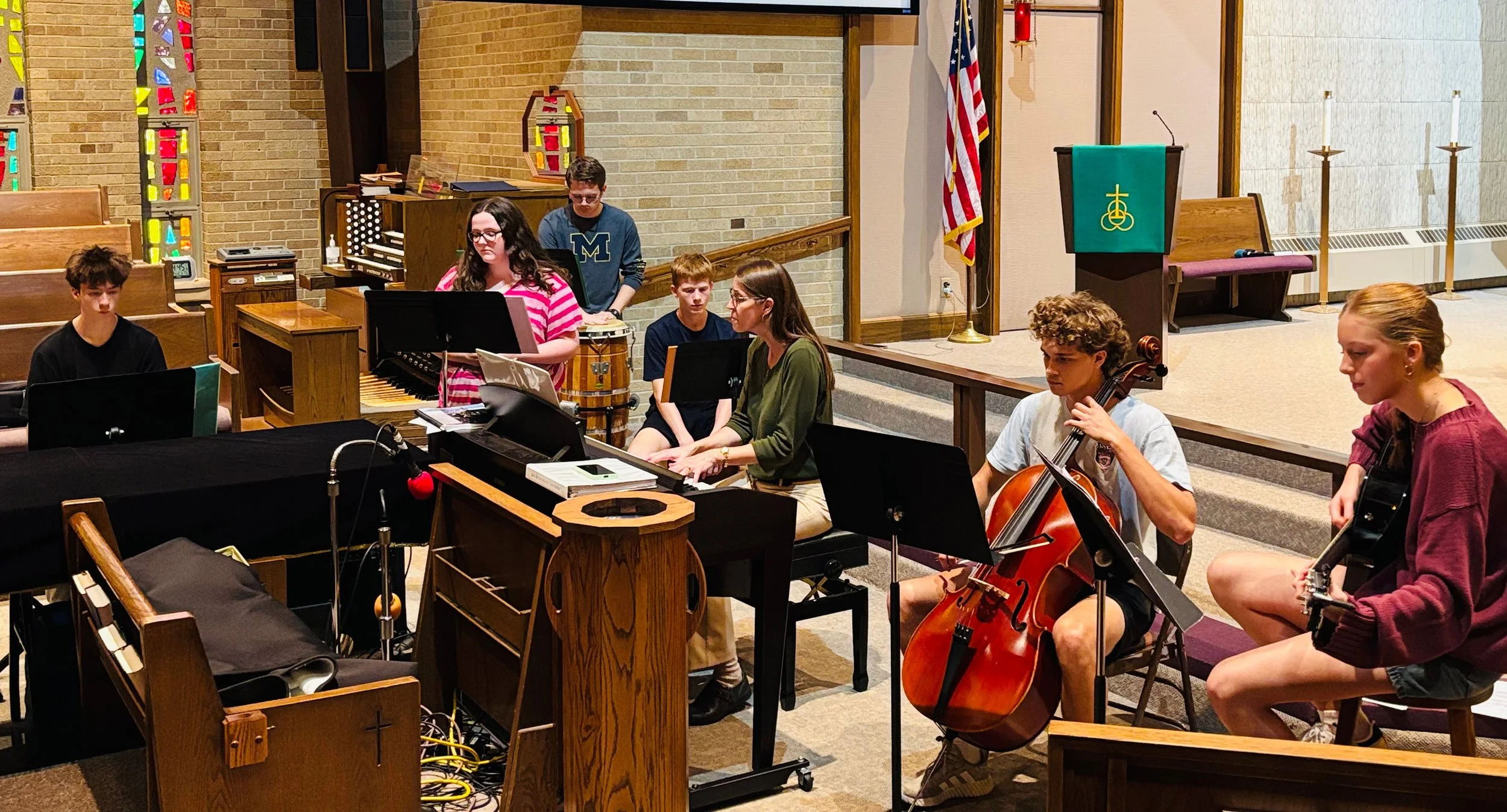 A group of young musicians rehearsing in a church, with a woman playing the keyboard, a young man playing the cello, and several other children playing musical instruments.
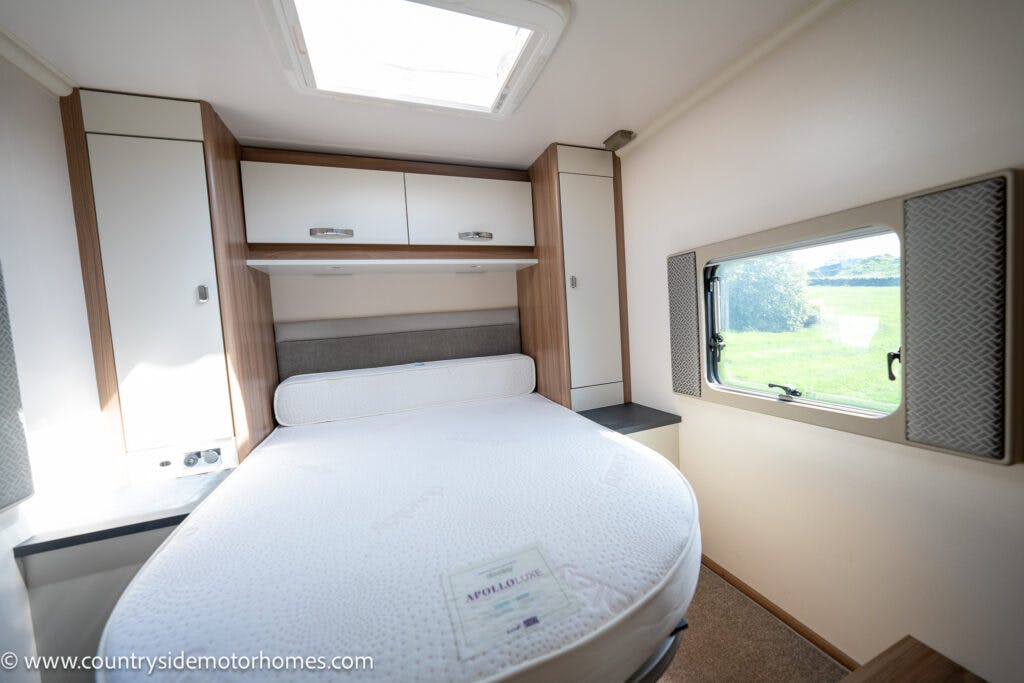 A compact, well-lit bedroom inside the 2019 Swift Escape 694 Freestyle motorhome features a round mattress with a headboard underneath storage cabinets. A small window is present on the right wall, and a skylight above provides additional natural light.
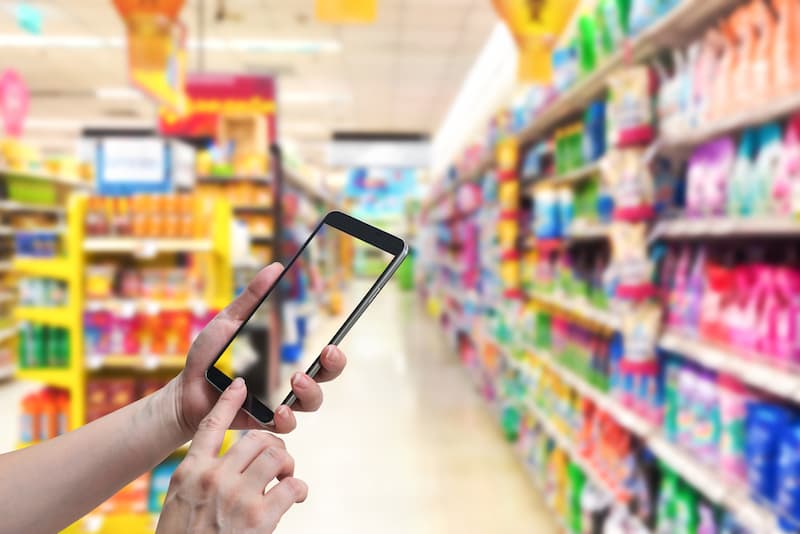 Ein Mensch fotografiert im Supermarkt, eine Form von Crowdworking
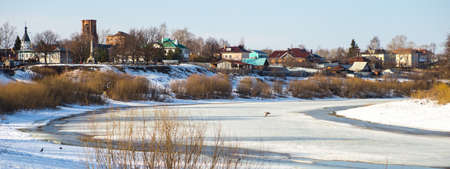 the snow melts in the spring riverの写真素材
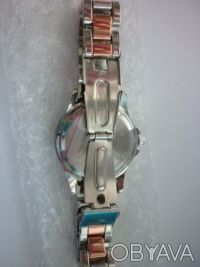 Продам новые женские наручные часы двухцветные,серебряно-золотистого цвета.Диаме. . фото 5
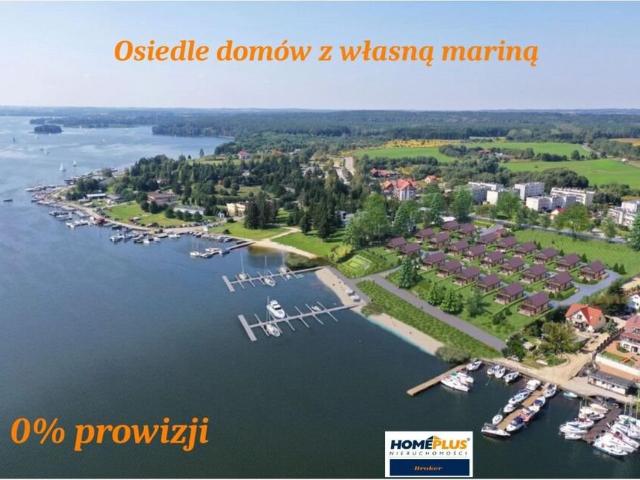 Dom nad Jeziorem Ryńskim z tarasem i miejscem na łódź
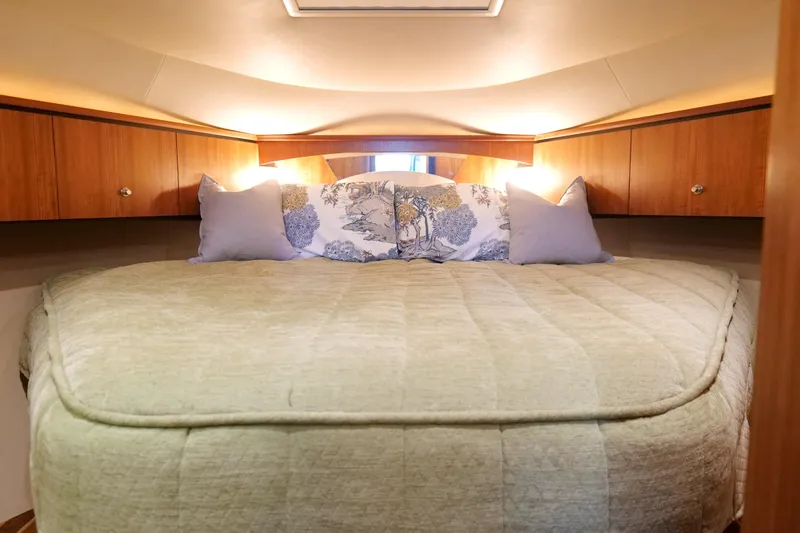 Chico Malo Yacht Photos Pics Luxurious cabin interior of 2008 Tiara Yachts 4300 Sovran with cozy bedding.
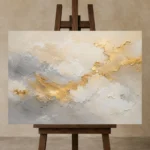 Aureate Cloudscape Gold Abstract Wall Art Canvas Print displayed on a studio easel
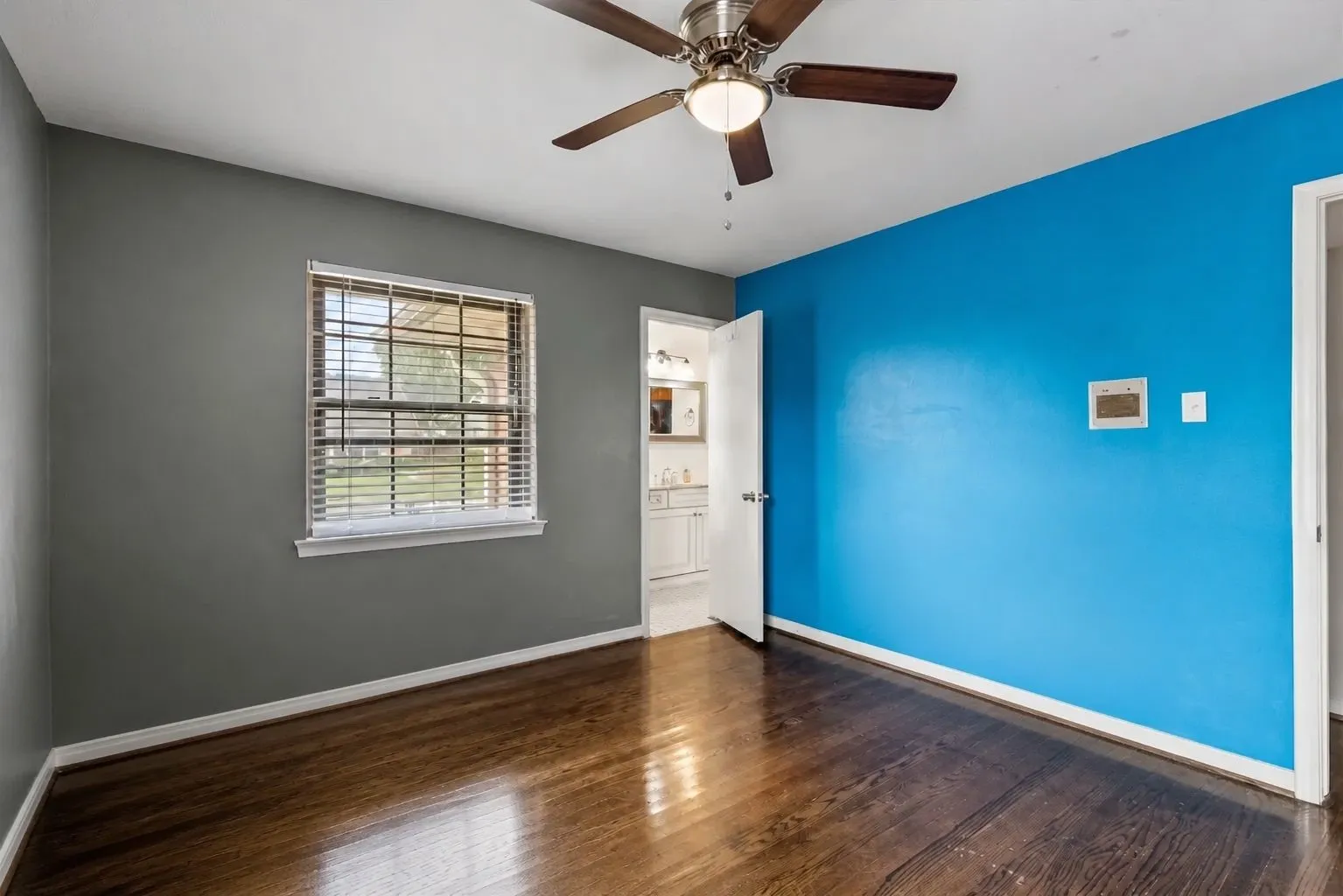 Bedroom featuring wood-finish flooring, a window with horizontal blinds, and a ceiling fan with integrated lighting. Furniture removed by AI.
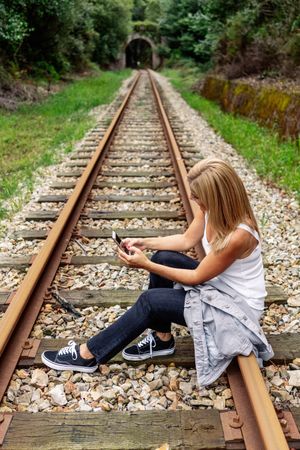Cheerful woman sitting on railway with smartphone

Required work
Could the material above be written out again word for word, with the pictures dropped?

Written reply
 A group of young musicians rehearsing in a church, with a woman playing the keyboard, a young man playing the cello, and several other children playing musical instruments.
 A compact, well-lit bedroom inside the 2019 Swift Escape 694 Freestyle motorhome features a round mattress with a headboard underneath storage cabinets. A small window is present on the right wall, and a skylight above provides additional natural light.
 Ein Mensch fotografiert im Supermarkt, eine Form von Crowdworking
 the snow melts in the spring riverの写真素材
 Продам новые женские наручные часы двухцветные,серебряно-золотистого цвета.Диаме. . фото 5
 Dom nad Jeziorem Ryńskim z tarasem i miejscem na łódź
 Chico Malo Yacht Photos Pics Luxurious cabin interior of 2008 Tiara Yachts 4300 Sovran with cozy bedding.
 Aureate Cloudscape Gold Abstract Wall Art Canvas Print displayed on a studio easel
 Bedroom featuring wood-finish flooring, a window with horizontal blinds, and a ceiling fan with integrated lighting. Furniture removed by AI.
Cheerful woman sitting on railway with smartphone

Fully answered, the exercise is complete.